Re: [PATCH v2 4/7] sysfs: Add SYSFS_HUGE_BIN_FILE flag for binary attributes larger than PAGE_SIZE

From: K Prateek Nayak

Date: Tue Apr 28 2026 - 03:30:17 EST


(+ Danilo for the sysfs bits)

Hello folks,

Please treat this patch as an RFC.

On 4/27/2026 9:21 PM, Muralidhara M K wrote:
> Historically, sysfs read buffers were allocated with get_zeroed_page(),
> limiting reads to PAGE_SIZE. Commit 13c589d5b0ac ("sysfs: use seq_file
> when reading regular files") transitioned regular (text) attribute reads
> to seq_file, which can dynamically grow buffers beyond PAGE_SIZE.
> However, the PAGE_SIZE limit was intentionally preserved for
> compatibility. When binary attribute handling was later unified into
> the same codebase, the non-seq_file read path (kernfs_file_read_iter)
> retained this PAGE_SIZE cap for binary files as well.
>
> Drivers that expose binary attributes larger than PAGE_SIZE — such as
> the AMD HSMP metric table (~13 KB) — cannot deliver the full content
> in a single read() call through the existing path.

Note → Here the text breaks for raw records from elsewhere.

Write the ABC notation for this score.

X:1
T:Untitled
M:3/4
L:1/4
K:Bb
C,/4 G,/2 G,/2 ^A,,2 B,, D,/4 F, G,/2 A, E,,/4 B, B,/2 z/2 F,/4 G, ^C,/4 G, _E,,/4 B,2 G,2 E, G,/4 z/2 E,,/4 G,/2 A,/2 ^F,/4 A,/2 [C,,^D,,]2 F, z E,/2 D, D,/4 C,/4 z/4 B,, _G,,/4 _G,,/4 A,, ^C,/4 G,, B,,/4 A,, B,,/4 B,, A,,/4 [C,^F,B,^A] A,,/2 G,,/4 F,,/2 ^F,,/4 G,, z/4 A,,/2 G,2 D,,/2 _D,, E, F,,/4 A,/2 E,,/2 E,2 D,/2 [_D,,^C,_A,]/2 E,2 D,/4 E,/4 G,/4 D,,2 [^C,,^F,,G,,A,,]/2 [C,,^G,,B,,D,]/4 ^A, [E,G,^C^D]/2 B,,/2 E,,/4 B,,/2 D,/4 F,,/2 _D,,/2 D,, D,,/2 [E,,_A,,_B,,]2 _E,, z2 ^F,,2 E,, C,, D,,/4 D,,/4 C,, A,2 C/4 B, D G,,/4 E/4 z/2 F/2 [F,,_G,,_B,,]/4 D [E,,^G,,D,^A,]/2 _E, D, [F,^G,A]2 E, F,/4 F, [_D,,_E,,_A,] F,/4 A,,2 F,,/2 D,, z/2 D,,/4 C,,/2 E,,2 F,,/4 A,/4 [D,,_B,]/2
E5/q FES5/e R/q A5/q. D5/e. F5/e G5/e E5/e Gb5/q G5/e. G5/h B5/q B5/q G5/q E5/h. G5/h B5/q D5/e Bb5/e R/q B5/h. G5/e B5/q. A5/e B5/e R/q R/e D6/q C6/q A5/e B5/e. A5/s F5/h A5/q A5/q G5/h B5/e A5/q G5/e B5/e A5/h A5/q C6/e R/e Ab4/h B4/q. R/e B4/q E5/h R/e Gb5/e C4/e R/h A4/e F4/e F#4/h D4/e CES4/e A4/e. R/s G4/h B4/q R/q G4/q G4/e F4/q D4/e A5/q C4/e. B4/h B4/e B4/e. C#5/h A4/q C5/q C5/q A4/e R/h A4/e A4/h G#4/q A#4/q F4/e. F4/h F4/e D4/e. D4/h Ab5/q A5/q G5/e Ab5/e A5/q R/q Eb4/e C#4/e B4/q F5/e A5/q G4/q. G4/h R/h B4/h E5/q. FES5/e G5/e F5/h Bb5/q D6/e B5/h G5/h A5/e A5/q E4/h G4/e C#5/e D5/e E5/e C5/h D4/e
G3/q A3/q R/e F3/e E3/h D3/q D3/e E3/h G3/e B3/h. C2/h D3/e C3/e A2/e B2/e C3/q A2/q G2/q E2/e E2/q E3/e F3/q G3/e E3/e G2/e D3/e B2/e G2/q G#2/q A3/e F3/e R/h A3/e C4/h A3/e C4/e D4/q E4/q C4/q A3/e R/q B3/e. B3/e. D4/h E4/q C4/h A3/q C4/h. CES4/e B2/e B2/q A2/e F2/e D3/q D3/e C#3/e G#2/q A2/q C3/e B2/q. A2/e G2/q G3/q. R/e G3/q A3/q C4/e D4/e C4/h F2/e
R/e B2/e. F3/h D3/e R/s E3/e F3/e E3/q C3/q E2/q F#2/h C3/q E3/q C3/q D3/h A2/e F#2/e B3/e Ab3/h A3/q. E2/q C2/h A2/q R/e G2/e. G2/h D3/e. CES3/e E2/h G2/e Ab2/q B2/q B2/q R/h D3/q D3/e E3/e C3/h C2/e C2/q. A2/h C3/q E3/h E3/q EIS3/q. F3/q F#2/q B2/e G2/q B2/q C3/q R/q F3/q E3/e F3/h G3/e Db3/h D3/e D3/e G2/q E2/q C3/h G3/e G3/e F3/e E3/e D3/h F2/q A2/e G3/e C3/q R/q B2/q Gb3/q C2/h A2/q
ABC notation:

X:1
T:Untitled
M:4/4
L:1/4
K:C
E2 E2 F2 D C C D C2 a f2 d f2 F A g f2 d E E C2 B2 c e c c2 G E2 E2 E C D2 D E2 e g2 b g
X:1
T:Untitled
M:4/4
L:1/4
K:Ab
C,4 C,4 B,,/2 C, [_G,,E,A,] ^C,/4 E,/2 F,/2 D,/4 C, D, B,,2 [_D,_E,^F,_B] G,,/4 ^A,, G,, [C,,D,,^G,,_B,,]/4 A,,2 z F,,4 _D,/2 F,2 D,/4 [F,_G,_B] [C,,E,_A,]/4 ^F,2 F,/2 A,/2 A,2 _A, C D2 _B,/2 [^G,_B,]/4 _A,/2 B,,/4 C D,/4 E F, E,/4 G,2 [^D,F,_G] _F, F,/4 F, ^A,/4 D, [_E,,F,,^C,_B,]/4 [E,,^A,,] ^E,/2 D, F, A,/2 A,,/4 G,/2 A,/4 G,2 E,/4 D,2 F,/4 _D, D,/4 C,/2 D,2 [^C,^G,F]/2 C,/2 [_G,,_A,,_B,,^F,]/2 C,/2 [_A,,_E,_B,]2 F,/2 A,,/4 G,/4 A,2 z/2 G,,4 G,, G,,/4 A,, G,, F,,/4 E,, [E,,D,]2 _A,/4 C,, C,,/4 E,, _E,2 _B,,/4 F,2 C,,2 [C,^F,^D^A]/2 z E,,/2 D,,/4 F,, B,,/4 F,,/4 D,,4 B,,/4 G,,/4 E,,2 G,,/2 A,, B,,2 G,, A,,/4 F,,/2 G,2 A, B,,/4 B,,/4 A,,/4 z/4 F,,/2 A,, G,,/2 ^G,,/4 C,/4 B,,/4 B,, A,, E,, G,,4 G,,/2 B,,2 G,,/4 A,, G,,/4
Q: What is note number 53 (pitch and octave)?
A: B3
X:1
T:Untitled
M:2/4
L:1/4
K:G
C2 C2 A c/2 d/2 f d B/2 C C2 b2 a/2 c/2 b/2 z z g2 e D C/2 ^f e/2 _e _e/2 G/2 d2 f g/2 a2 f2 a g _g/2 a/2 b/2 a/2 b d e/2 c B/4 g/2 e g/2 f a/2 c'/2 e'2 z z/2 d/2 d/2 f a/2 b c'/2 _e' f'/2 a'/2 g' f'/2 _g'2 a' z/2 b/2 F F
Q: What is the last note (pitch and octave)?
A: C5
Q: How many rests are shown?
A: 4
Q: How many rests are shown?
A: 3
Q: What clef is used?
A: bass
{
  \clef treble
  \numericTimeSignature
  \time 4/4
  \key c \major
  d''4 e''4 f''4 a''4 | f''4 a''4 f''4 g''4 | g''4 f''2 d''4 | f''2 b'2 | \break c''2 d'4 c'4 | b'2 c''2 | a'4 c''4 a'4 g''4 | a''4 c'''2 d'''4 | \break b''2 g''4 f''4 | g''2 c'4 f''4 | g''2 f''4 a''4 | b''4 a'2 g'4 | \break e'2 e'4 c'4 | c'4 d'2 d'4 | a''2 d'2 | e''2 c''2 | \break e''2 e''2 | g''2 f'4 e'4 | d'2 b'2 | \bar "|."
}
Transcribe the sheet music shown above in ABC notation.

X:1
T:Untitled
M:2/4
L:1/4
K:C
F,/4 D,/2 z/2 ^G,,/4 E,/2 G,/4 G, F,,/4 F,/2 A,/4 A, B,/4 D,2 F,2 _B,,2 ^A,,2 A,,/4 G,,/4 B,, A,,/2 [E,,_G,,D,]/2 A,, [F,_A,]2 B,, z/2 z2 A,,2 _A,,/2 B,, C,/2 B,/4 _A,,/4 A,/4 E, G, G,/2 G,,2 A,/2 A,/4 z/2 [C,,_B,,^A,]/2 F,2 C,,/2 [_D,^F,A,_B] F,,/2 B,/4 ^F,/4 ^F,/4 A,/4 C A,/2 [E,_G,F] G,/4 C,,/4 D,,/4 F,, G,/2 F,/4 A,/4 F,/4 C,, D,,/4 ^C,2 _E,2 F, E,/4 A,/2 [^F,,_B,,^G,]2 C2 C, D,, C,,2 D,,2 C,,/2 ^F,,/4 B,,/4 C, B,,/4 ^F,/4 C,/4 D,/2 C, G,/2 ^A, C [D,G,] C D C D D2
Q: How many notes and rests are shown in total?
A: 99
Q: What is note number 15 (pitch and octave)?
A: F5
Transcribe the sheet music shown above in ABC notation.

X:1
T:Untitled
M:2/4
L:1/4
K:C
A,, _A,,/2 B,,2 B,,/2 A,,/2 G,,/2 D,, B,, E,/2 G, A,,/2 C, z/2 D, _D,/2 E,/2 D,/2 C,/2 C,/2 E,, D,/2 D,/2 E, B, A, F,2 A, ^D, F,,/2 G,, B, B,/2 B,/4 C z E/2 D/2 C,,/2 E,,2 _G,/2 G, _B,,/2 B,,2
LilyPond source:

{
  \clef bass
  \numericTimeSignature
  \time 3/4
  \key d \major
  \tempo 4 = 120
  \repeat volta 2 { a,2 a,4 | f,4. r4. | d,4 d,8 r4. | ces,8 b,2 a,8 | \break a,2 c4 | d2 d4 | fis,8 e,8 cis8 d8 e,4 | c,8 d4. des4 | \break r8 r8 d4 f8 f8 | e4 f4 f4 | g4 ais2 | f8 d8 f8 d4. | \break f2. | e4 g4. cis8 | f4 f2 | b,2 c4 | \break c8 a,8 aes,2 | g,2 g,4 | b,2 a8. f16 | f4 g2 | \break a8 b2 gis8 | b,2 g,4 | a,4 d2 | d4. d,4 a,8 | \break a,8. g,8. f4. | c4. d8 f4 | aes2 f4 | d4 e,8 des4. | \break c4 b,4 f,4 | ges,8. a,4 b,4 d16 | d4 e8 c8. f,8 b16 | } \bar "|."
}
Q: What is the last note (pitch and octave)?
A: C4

I have to add that neither of us are familiar with filesystems so our
assumptions might be a way off since we are out of our depths - we only
brought up what we could dig from the commit logs and by looking at the
implementation.

It looks like HSMP users want a sysfs way to read the *entire* metric
table in one go which has proved to be slightly harder to deliver with
the PAGE_SIZE limits in presence on concurrent readers.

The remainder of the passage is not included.